Bhutan is under threats, Leaming describes in her final essay. Surrounded by a “geopolitical equivalent to a trailer park,” with its squabbling tribes, avaricious leaders, and drug problems, it works hard to avoid the fate of the former kingdom of Sikkim which is now an Indian state. Climate change is melting its glaciers and flooding is a constant danger. Conversely there’s a shortage of water that may destroy the country’s agriculture. And. as is true all over the world, globalization is closing in through the inexorable incursions of the internet. 

“The world needs Bhutan,” Leaming concludes. Certainly she herself needed it. As a Bhutanese friend told her early on, “You are the arrow that hit its mark.” Her lovely little book poses an irresistible question: how many of us are still arrows in search of our own marks?~Janet Brown

American Shaolin by Matthew Polly (Gotham Books)

Matthew Polly’s biographical novel American Shaolin has the long and amusing subtitle of Flying Kicks, Buddhist Monks, and the Legend of the Iron Crotch : An Odyssey in the New China. It is the story of an American man who drops out of a prestigious college and goes on a journey to learn the art of kung-fu from the Shaolin Temple in China.

Matthew Polly grew up in Topeka, Kansas. He was the epitome of the 98-lbs weakling who was tormented by bullies at his school and while many people have an inner voice telling what they ought to do, Polly was fifteen and had an inner “to-do list”. When he was fifteen, there were five main points on his list of “THINGS THAT ARE WRONG WITH MATT”. 

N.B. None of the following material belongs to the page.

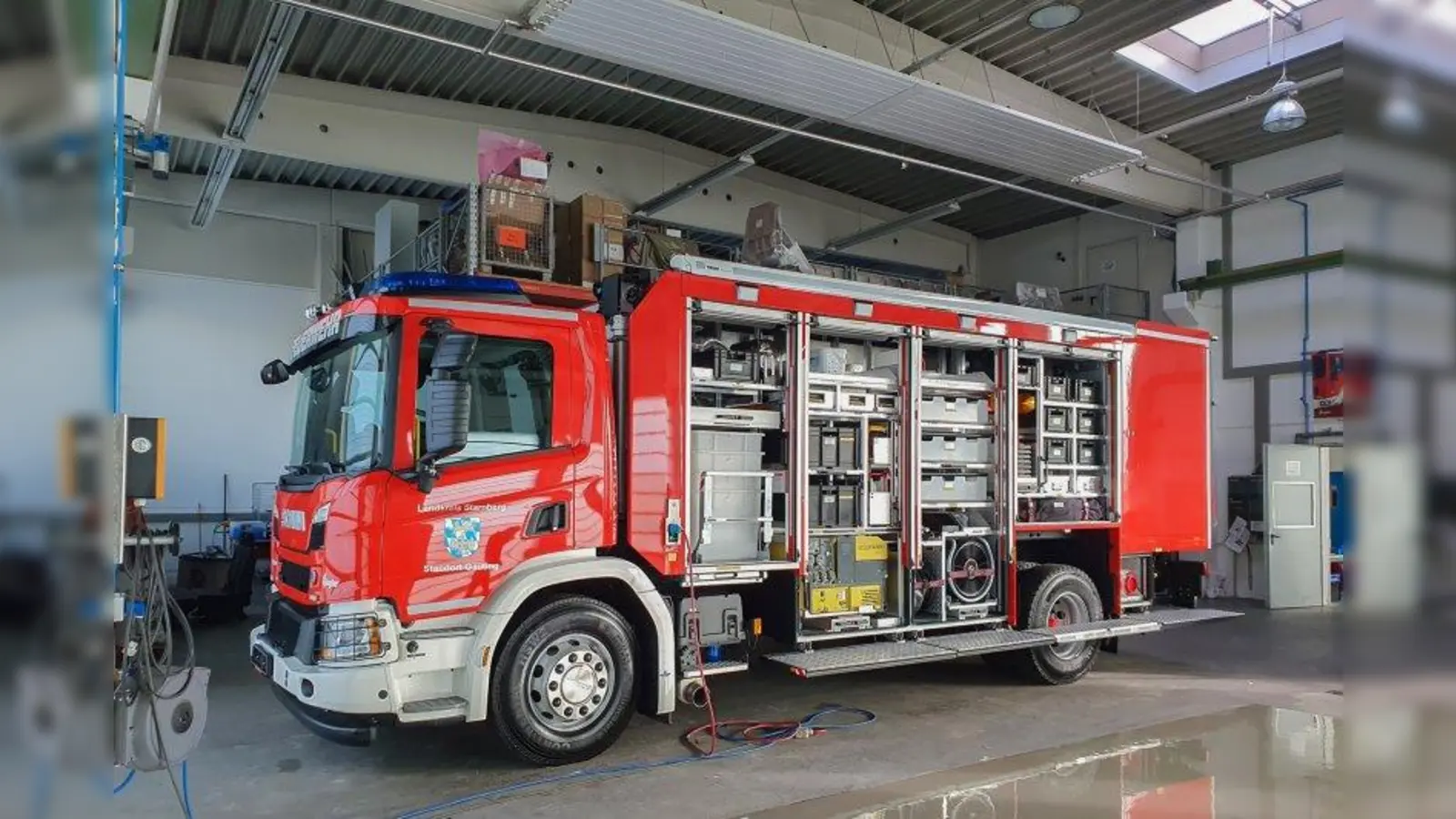 Der neue Gefahrgut-Gerätewagen (GW-G) ermöglicht einen höheren Einsatzbereich und wird von der Freiwilligen Feuerwehr Gauting betrieben. (Foto: Landratsamt Starnberg)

Topping the list was “ignorant”, followed by “cowardly”, “stil a boy / not a man”, “unattractive to the opposite sex”, and “spiritually confused”. In dealing with his ignorance, he once picked up the New York Review of Books but even with a dictionary in hand, he couldn’t understand it. This inspired him to study and read more and his efforts led him to being accepted at Princeton University and was doing quite well, so he felt he could cross off being ignorant from his list of THINGS THAT ARE WRONG WITH MATT.

However, number one on his list was being cowardly. Polly started learning kung-fu when he was in the ninth grade after seeing a rerun of David Carradine’s television series Kung-fu. He was inspired by Carradine’s character - “the half-Asian Shaolin martial monk who wandered the Old West righting wrongs” and “seemed to be as strange and helpless and yet was a total badass.”

Polly’s obsession with kung-fu led to his interest in China and Chinese culture. He took courses in learning the language as well. As Polly was busy with his studies, he didn’t have time to practice his kung-fu which he had been studying for three years. He felt even after three years, he would not be able to defend himself adequately. That’s when he came across Mark Salzman’s memoir Iron and Silk, a story about a Yale graduate who studies with a martial arts master in China. This sets his plan in motion.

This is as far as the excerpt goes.